Exploring unprivileged containers

This series of articles will explore creating unprivileged containers on Linux using python and shell commands for ease of experimenting.

A container is something you construct using various system facilities such as Linux namespaces to isolate a process or a group of processes from the rest of the system. This isolation can be partial or almost complete giving the illusion of a separate machine.

A fairly recent distribution will be required to do everything that will be demonstrated here. This series of articles was prepared on a Fedora 24 distribution which has a 4.7 kernel at the time of writing.

The user namespace

A user namespace isolates user and group IDs, the root directory and other security related capabilities. There is a top level user namespace, and new child namespaces can be created. The user IDs and privileges can be different inside and outside the new namespace. In particular a process can have an ordinary unprivileged user ID outside of the namespace (in the top level root namespace), but have a user ID of 0 and full privileges for operations within the namespace.

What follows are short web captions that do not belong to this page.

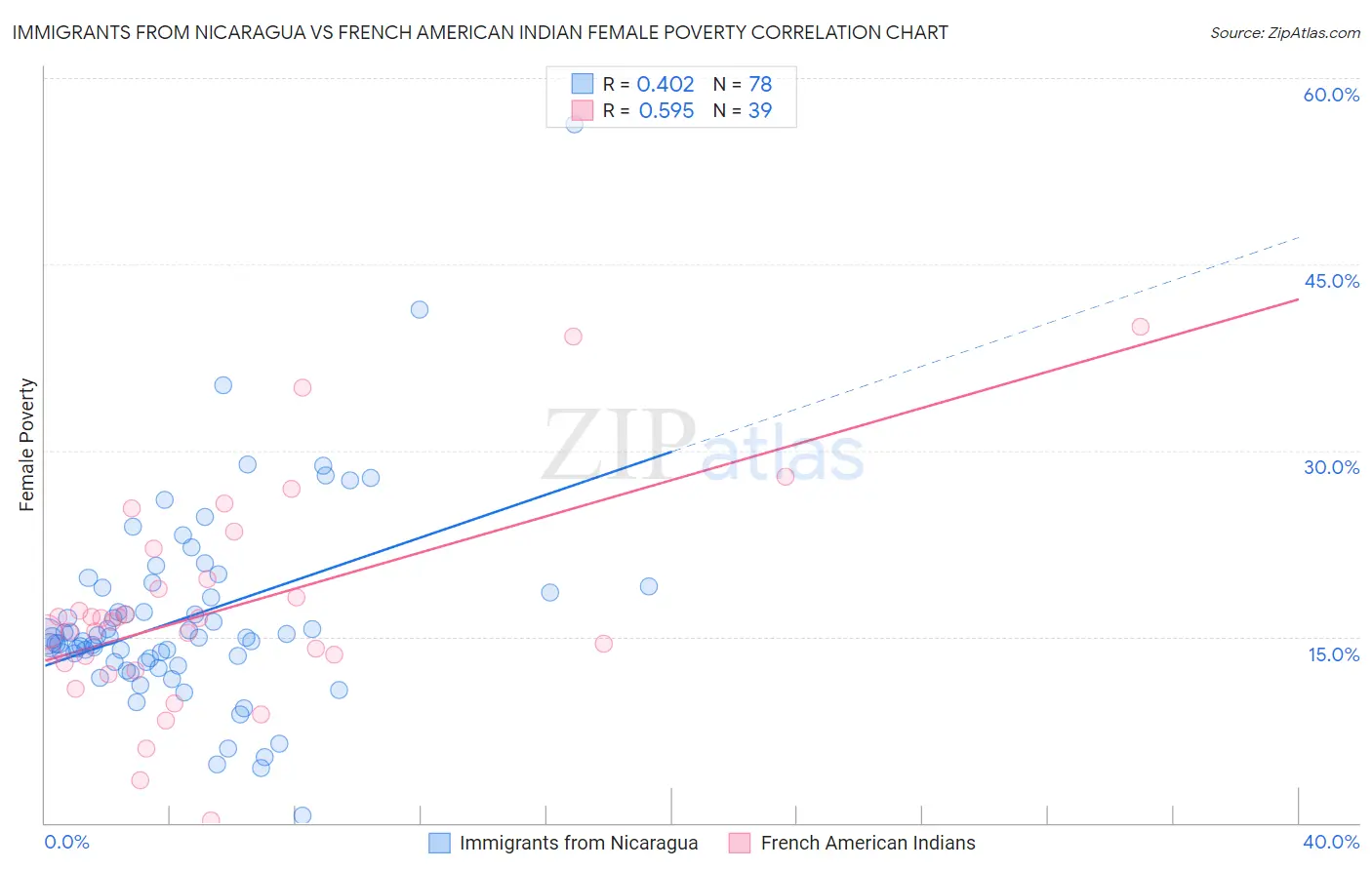 Immigrants from Nicaragua vs French American Indian Female Poverty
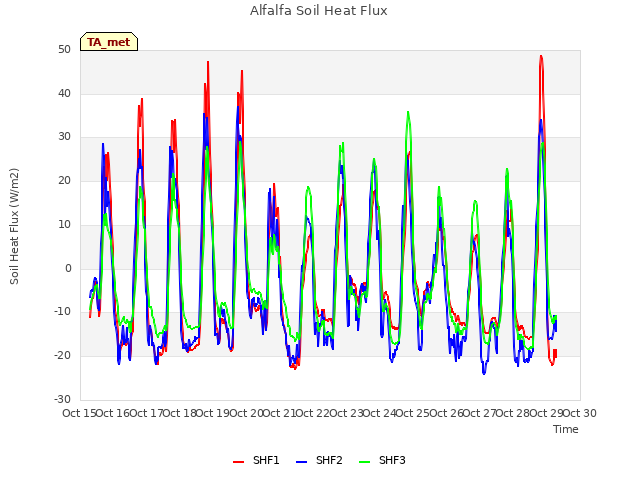 plot of Alfalfa Soil Heat Flux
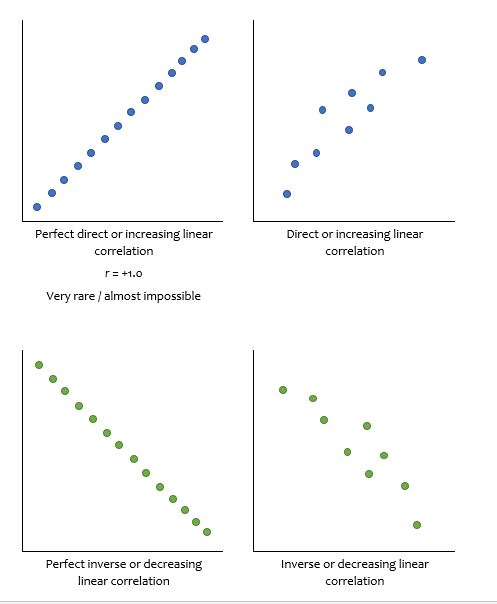 Four scatterplots. The first one is in a line doing diagonally up and is a perfect or increasing linear correlation. The next is a scatter plot that is not straight by still ascending and is a direct or increasing linear correlation. The third is straight but descending and is titled a perfect inverse or decreasing linear correlation. And the last plot, is not straight but descending and is called an inverse or descending correlation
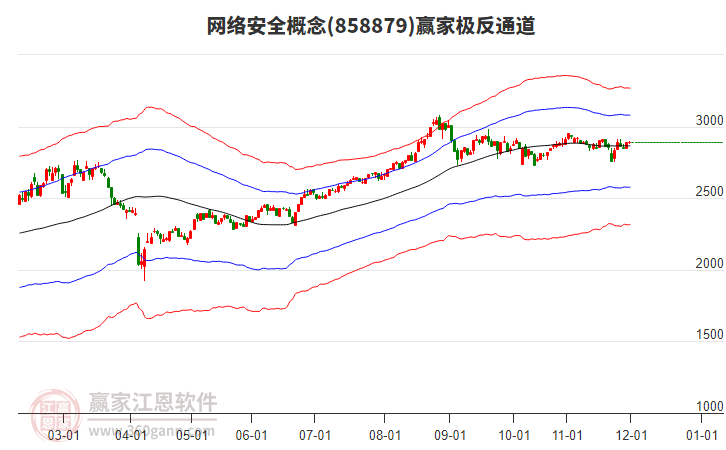 858879網(wǎng)絡(luò)安全贏家極反通道工具 858879網(wǎng)絡(luò)安全贏家極反通道工具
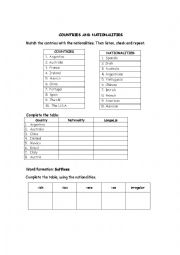 English Worksheet: countries and nationalities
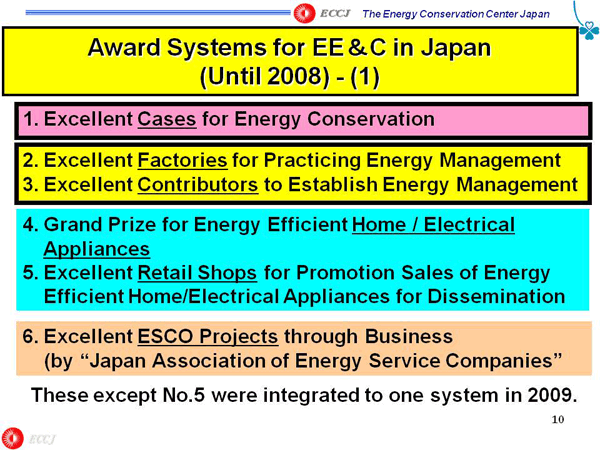 Award Systems for EE&C in Japan (Until 2008) - (1)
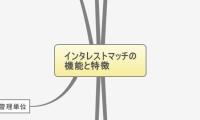インタレストマッチの
機能と特徴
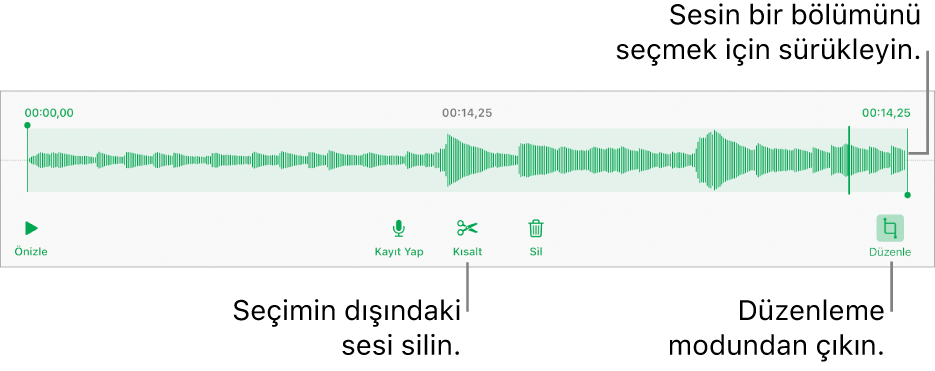 Kaydedilen sesi düzenleme denetimleri. Tutamaklar kaydın seçilen kısmını gösterir; Önizleme, Kaydet, Kes, Sil ve Düzen Modu düğmeleri aşağıdadır.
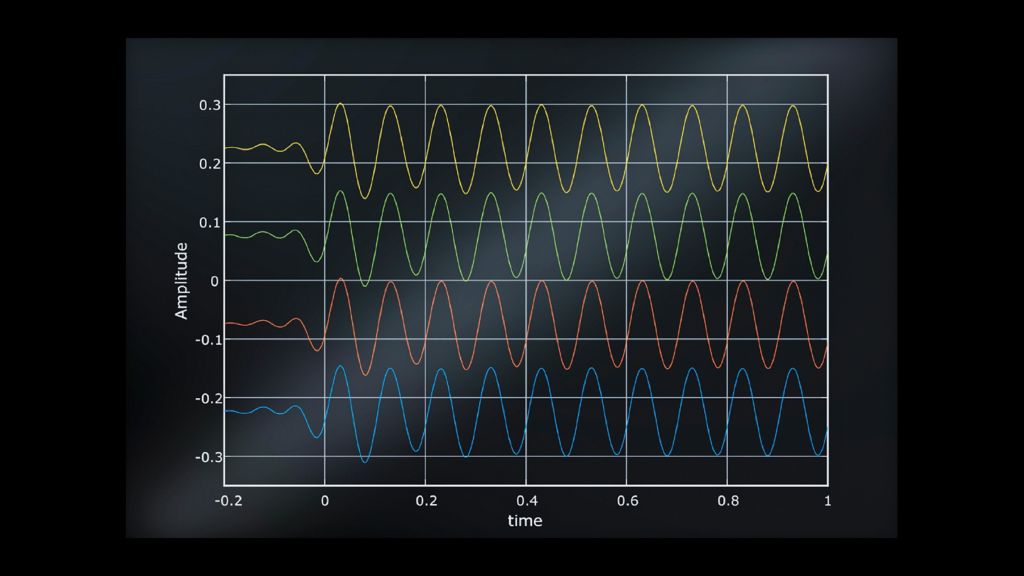 Simulation of angle of arrival (AoA)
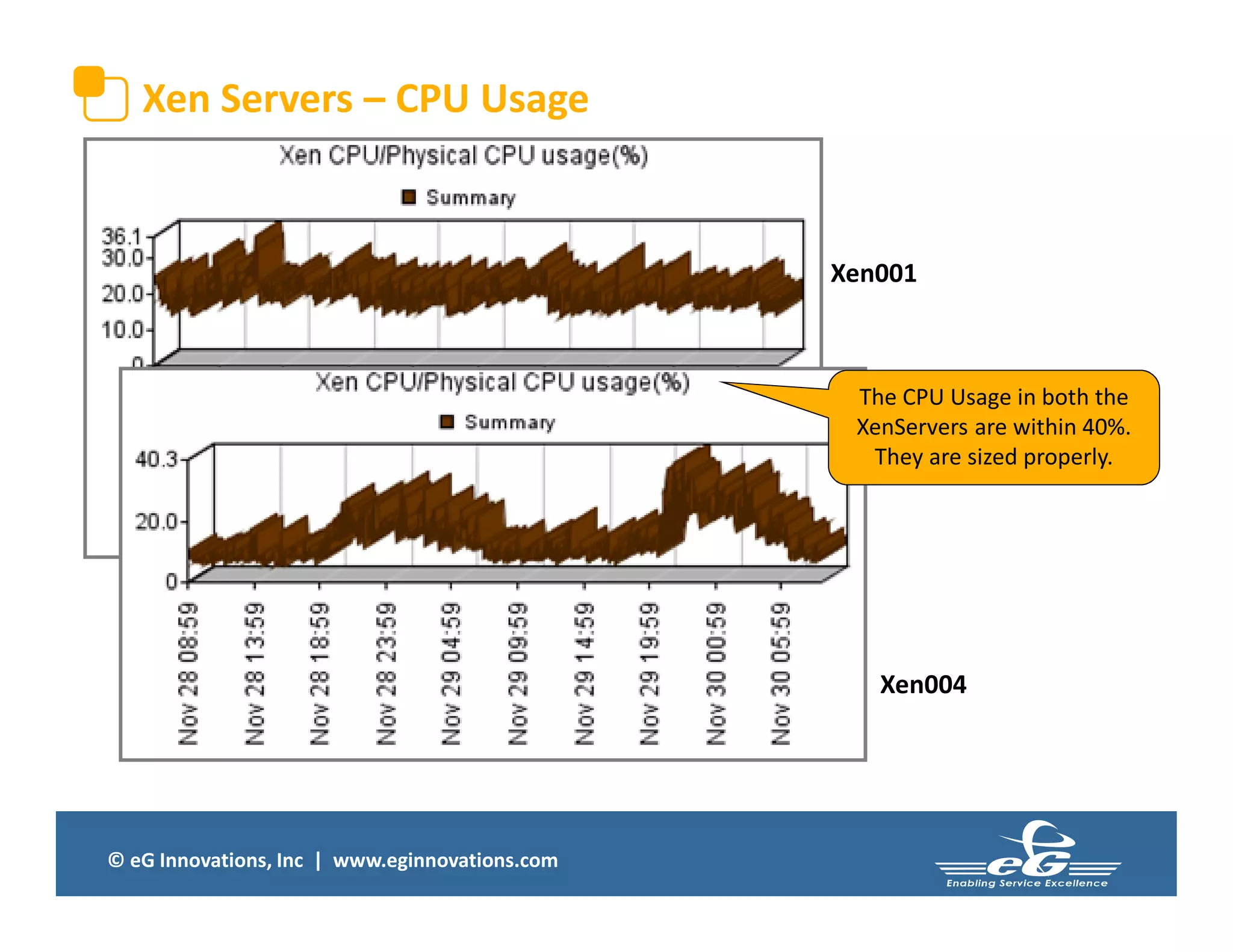 © eG Innovations, Inc | www.eginnovations.com
Xen Servers – CPU Usage
Xen001
Xen004
The CPU Usage in both the
XenServers are within 40%.
They are sized properly.
 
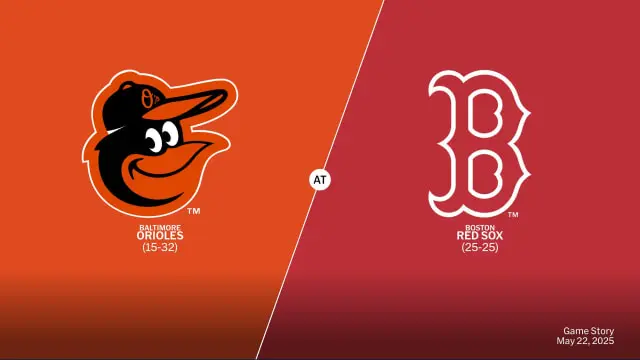 Orioles vs Red Sox: A Season of Rivalry and Excitement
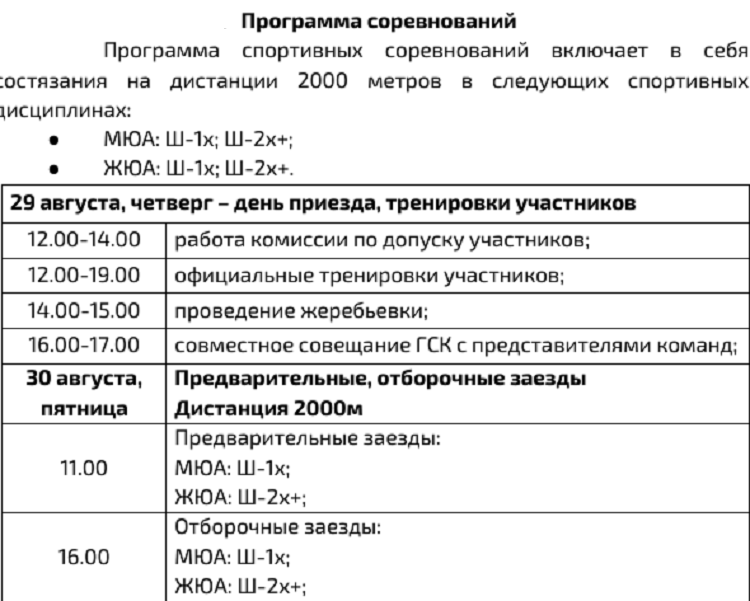 Народная гребля - Каменск-Уральский 2024 до 19 лет - программа1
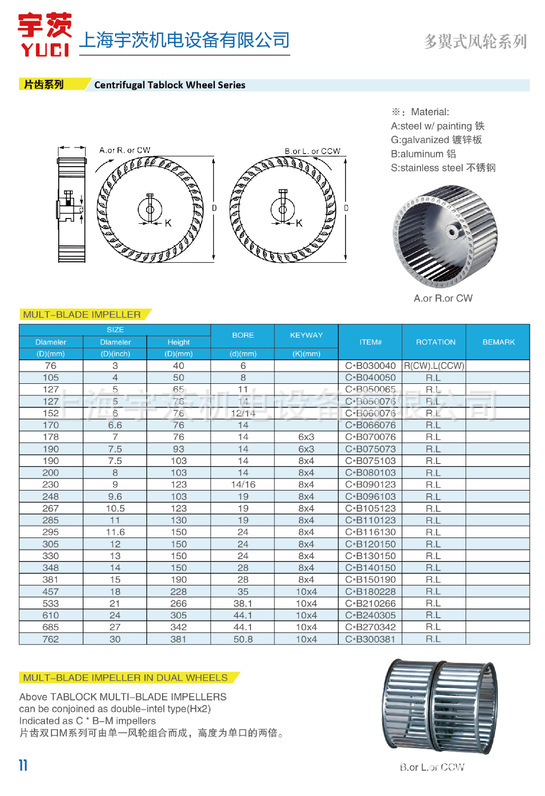 镀锌风轮,铝风叶,台湾风叶,插片风轮, 卷边风轮 风机风叶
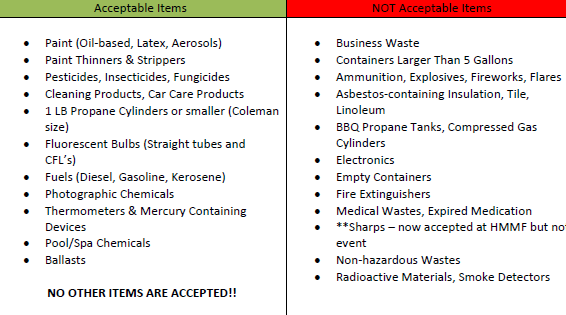 hazardous material, paint, oil, pesticides, medicine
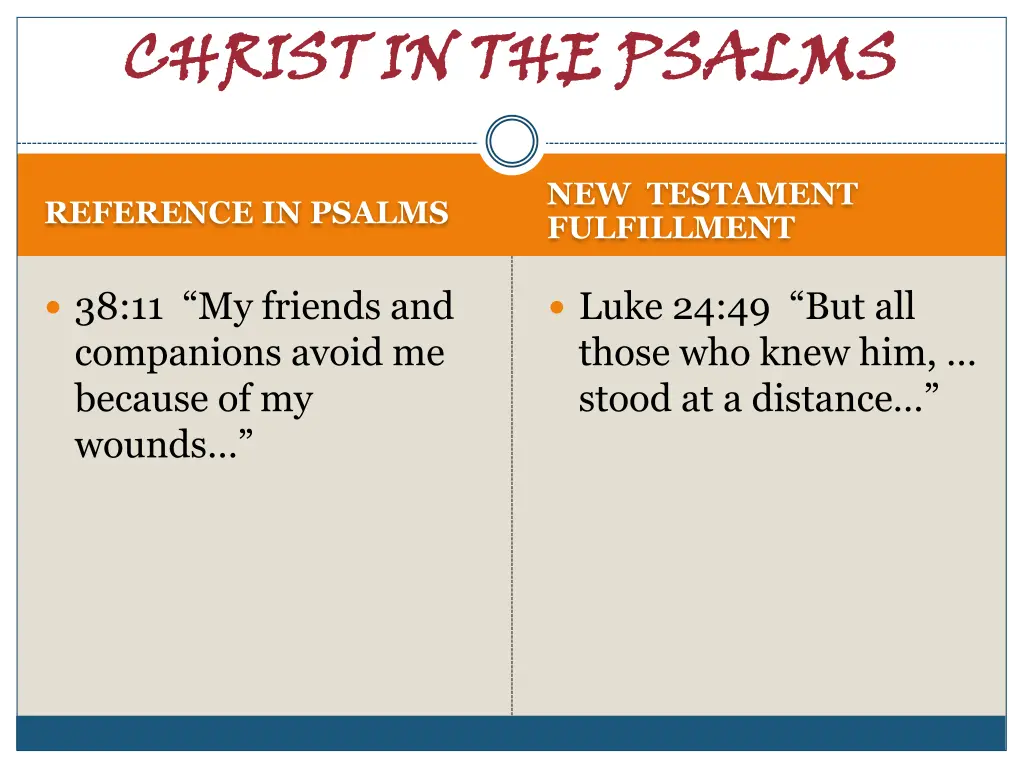 christ in the psalms 16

Now the question is what it means to operate within the namespace? Just because you are root within the namespace does not mean that you can suddenly edit /etc/passwd. You can only affect resources that are governed by the new namespace and any other namespace associated with it. The particular details and restrictions that are imposed are what most of this series is about.

Unless granted further permissions by a privileged user or process, it is not possible to access or affect a resource owned by another user that you could not access or affect outside the namespace.

By 'not possible' of course I mean in the absence of any bugs.

This is the only namespace that can be created by an unprivileged user, however within that user namespace you have the required privilege to create the other namespaces. You can also create them all within the same call to unshare or clone, in effect the user namespace is created first by the kernel and the other namespaces are created within that context.

There is a lot of information in man user_namespaces.

Some code

We will just start with just the user namespace by itself. Alone this is not particularly useful, but there is plenty to discuss that will be used in later parts of this series.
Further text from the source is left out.